Il giocatore che fa quel doppio errore, quello che poteva portare la Svizzera ai quarti di finale dopo sessant’anni, si chiama Blerim Dzemaili. È un giocatore piuttosto bravo per il livello della Svizzera, però è costantemente un panchinaro – ha giocato 54 minuti su 390 – perché i due giocatori titolari nel suo ruolo, Behrami e Inler, sono un poco più bravi di lui. Tutti e tre sono svizzeri d’adozione (Dzemaili e Behrami sono proprio nati in ex Jugoslavia, Inler ha giocato con l’under 21 della Turchia), e tutti e tre giocano nel Napoli, dove è da un paio d’anni che a Dzemaili capita la stessa cosa, quella di essere un poco meno forte dei due titolari. Delle volte mi domando cosa pensi, di quegli altri due, che si ritrova a fargli da tappo sia nel club che in nazionale: saranno amici, di certo, ma se li sogna la notte che gli rubano anche gli amici, la fidanzata o il posto a sedere in autobus?
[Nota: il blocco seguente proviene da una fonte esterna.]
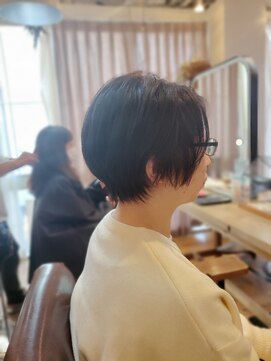 ヘアスペース リズム グリーン(Hair space Rizm green) すっと収まる骨格補正ショート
Nonostante, poi, Dzemaili sia un poco più tecnico e offensivo degli altri due – anzi, proprio per questo – e visto che quelle due posizioni al centro del campo sono occupate, gli è capitato più di una volta di essere il giocatore che entra in campo al posto del numero 10 per difendere un risultato, di essere il cambio con il quale l’allenatore dice alla squadra «va bene, ora ci difendiamo»: ed è una morte un po’ peggiore.

Nella partita con l’Argentina è successo precisamente questo: Dzemaili non ha giocato per 113 minuti. Poi l’allenatore ha deciso di togliere Mehmedi, un trequartista, e mettere lui, per difendere quello 0-0 che la Svizzera si era arresa a sperare: in teoria un poco più avanti di Behrami e Inler, in pratica a correre per tutto il campo, in qualità di giocatore con più energie di tutti. La heat map qui sopra, per chi è un po’ familiare, è assurda nell’essere così diffusa e maculata. In effetti vuol dire tre cose: prima di tutto che ha giocato molto poco, in un momento di gioco molto spezzettato (calci di punizione, calci d’angolo, mischioni, contropiedi), e che non ha avuto una vera posizione in campo nella frenesia di quegli ultimi minuti.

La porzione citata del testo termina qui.